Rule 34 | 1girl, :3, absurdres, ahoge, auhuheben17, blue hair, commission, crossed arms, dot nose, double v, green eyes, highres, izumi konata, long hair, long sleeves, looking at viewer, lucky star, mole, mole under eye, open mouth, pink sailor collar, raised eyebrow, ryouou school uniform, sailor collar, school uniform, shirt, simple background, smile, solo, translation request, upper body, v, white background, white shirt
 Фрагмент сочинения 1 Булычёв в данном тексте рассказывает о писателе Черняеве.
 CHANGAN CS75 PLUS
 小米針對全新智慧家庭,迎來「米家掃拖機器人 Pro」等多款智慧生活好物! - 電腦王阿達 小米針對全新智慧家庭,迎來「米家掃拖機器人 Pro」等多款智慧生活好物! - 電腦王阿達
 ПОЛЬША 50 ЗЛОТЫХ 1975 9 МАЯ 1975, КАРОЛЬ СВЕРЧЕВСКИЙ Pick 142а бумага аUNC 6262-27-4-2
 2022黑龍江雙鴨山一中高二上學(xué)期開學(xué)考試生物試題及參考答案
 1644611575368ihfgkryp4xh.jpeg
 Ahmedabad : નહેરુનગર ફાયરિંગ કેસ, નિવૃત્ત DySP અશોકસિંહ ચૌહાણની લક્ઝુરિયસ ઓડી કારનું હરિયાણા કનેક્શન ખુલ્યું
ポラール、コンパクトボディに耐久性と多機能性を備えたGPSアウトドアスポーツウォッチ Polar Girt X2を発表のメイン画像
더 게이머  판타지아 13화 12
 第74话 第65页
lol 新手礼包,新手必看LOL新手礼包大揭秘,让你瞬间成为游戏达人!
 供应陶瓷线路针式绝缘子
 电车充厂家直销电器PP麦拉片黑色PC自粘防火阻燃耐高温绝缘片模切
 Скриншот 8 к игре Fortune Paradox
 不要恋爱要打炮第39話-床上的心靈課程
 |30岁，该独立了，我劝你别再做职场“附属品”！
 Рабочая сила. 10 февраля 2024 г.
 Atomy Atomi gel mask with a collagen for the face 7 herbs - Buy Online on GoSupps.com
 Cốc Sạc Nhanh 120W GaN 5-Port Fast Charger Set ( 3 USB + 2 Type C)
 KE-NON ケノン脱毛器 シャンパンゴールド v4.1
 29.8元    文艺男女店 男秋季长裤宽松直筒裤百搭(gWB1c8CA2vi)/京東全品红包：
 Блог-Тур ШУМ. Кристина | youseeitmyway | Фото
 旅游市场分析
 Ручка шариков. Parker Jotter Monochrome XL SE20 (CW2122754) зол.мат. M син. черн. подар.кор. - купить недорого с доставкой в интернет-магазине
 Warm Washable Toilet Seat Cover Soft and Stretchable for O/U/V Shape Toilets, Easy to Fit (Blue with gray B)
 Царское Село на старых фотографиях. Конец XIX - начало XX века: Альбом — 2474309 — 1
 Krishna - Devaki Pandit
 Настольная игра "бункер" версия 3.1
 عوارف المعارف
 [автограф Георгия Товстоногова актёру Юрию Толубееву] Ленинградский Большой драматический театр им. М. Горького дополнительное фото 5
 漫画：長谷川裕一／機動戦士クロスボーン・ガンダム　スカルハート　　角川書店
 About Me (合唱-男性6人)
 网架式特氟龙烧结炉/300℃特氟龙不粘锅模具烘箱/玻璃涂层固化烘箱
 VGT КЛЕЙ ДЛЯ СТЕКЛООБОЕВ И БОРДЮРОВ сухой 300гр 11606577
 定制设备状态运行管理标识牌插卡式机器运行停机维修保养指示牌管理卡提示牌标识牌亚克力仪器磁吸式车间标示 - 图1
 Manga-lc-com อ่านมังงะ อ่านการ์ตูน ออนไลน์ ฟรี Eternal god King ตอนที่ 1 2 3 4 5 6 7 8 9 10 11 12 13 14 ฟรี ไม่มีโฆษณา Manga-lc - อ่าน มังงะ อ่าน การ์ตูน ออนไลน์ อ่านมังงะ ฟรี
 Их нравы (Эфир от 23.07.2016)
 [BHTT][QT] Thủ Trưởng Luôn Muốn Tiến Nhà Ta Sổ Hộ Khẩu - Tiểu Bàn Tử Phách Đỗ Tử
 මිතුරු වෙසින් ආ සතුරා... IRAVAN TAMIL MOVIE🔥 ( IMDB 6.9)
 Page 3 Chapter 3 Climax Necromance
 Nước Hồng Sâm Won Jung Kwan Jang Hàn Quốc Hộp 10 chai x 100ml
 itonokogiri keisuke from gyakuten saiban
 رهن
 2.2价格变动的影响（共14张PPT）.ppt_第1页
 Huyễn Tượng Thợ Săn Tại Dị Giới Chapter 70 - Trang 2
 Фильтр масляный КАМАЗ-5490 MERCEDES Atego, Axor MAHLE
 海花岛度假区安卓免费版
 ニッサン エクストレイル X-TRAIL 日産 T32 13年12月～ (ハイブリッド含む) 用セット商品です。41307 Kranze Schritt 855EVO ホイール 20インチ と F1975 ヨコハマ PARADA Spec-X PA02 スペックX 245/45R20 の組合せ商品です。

▶ YOUR ASSIGNMENT
Return the lines above, starting at the one that contains "Nước Hồng Sâm" and running through the last, exactly as they appear, with no extra lines.

▶ EXERCISE SOLUTION
 Nước Hồng Sâm Won Jung Kwan Jang Hàn Quốc Hộp 10 chai x 100ml
 itonokogiri keisuke from gyakuten saiban
 رهن
 2.2价格变动的影响（共14张PPT）.ppt_第1页
 Huyễn Tượng Thợ Săn Tại Dị Giới Chapter 70 - Trang 2
 Фильтр масляный КАМАЗ-5490 MERCEDES Atego, Axor MAHLE
 海花岛度假区安卓免费版
 ニッサン エクストレイル X-TRAIL 日産 T32 13年12月～ (ハイブリッド含む) 用セット商品です。41307 Kranze Schritt 855EVO ホイール 20インチ と F1975 ヨコハマ PARADA Spec-X PA02 スペックX 245/45R20 の組合せ商品です。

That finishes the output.